O Sousa deu por cá com os ossos para estudar Medicina depois da farruscada do Ultramar. Tinha estado do lado português durante a guerra e fez-se ao piso por Lisboa para não aparecer pendurado ainda a espernear num candeeiro em Bissau. (Em Bissau acho que já não sobram candeeiros...). Conheceu o meu velhote lá na África - que foi lusa - e intercalava os estudos num centro na Faculdade de Motricidade Humana - que foi ISEF e INEF - a forçar a minha mãe a esmerar-se na cozinha. A constituição esquálida do Sousa enganava porque quando o gajo desatava a dar ao serrote era um meter para dentro medonho no decurso do qual era avisado afastar as mãos da mesa. Para mim e para a pirralha que me acusava de ser seu irmão, as visitas do Sousa eram um alegrete. Montávamo-nos no gajo, coçávamos-lhe a carapinha, apertávamos-lhe o nariz abatatado e pasmávamo-nos com as suas palmas da mão rosáceas. Ele ria-se na maior placidez e era de uma ternura desarmante. Lembro-me de o topar absorto a ver o 1,2,3 na caixa colorida e a levantar a gambiarra esquerda para a segurar pelo joelho. Era a sua pose mais senhoril. O Sousa sabia de números, ainda me deu umas inúteis explicações aritméticas e ensinou-me a dizer como te chamas em russo, o que me foi tão útil quanto fixar axiomas de psicologia social. Achamos que o artista nunca acabou o curso e andou a exercer de bata na maior desfaçatez até lhe descobrirem a careca, mas essas são as mentiras que me enternecem. O meu pai também se recorda de lhe voltar a perguntar a idade e, ao fazer contas a retroceder perante a resposta, chegar à conclusão que o sr. Mangonga afinal tinha sido sargento com 14 anos... Quando se pergunta algo ao Sousa sobre a sua biografia em constante atualização, ele fala de forma envolvente, vozinha melíflua... e ficamos sem perceber nada.
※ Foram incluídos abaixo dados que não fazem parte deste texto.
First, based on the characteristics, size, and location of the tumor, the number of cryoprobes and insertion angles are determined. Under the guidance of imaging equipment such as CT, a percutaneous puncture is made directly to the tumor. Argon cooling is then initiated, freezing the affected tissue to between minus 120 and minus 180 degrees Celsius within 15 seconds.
Mas o Sousa já me foi buscar aos infernos e isso não se esquece. Num reação violenta à penicilina, foi ele que me deu o antídoto. Ainda me ajudou a driblar a asma e outras bronquites. Quando o sentia subir as escadas até ao quarto cá do brotas como quem passa pelo restolho, sabia que o amanhã estava garantido. Também foi o nosso escurinho quem me curou a primeira ressaca, que me deixou a caldinhos durante uma semana.
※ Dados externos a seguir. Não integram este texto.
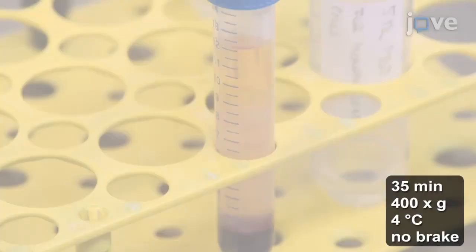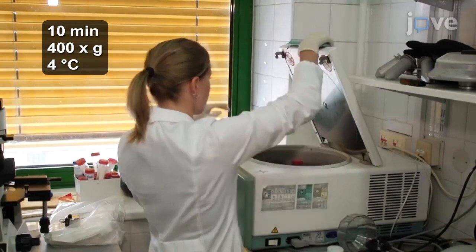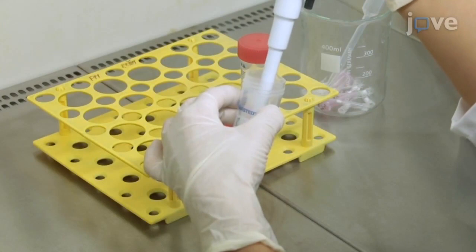Use a Pasteur pipette to carefully transfer the interphase layer of mononuclear cells to a new 50 mL conical tube containing 5 mL of PBS for a centrifugation wash. Then re-suspend the mononuclear cell pellet in 2 mL of sterile PBS for counting, and dilute the cells to a 3 times 10 to the 7th cells per mL concentration.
Lá por casa há mais que um cão. O que aqui vem à conversa também começou por ter um nome e depois outro. Para mim, é o Pirata. Um rafeirola catita, mas que sai sempre desiludido comigo da sessão de festas. Pressente que eu tenho outros planos logo a seguir e acha tudo aquilo um fingimento de merda da minha parte. Haveremos de conversar sobre isso. Acontece que agora o nosso Pirata anda mal do pernil traseiro e tem lesão de jogador de futebol: rotura de ligamentos. O nosso felpudo perna de pau está fora do jogo de domingo, tem a época em risco, mas claro que lhe vamos renovar contrato porque sem ele não somos a mesma equipa. Ele gosta que o Sousa apareça, tome-se nota.
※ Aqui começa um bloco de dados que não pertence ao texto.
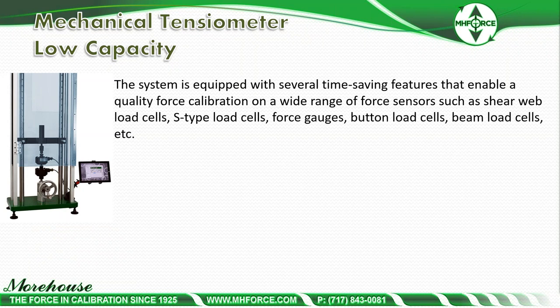The system is equipped with several time-saving features that enable quality force calibration on a wide range of force sensors: shear web load cells, S-type load cells, button cells, force gauges, and beam load cells. You can even do AP dynamometers up to 2,000 pounds because the machine is long enough.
Uma vez, um senhor, perdão, uma besta sem par, disse-me isto: “Primeiro branco, depois cão e depois preto!” Espero que quem mo disse tenha tido um AVC testicular.

Ligaram-me há pouco a dizer que passaram-se momentos porreiros lá da casa onde isto começou para mim e andei décadas a mamar na teta da vaca. Parece que o Sousa - que agora andava por Londres a fazer algo que nunca perceberemos -, apareceu de supetão à porta com um saco de plástico roto e uns livros na mão, meteu meio quilo de bacalhau no bucho e fez serão a cuidar em mimices do Pirata, que começou a morsegar-lhe a cara na brincadeira e até ficou melhor do amortecedor.

Não apareci para andar a aqui a escrever calamidades.
Primeiro o Sousa, o Perna de Pau e todos vocês, que fazem o que está bem e fazer bem estar com os amigos.
Em solidão de letras tortas depois venho eu... muito depois.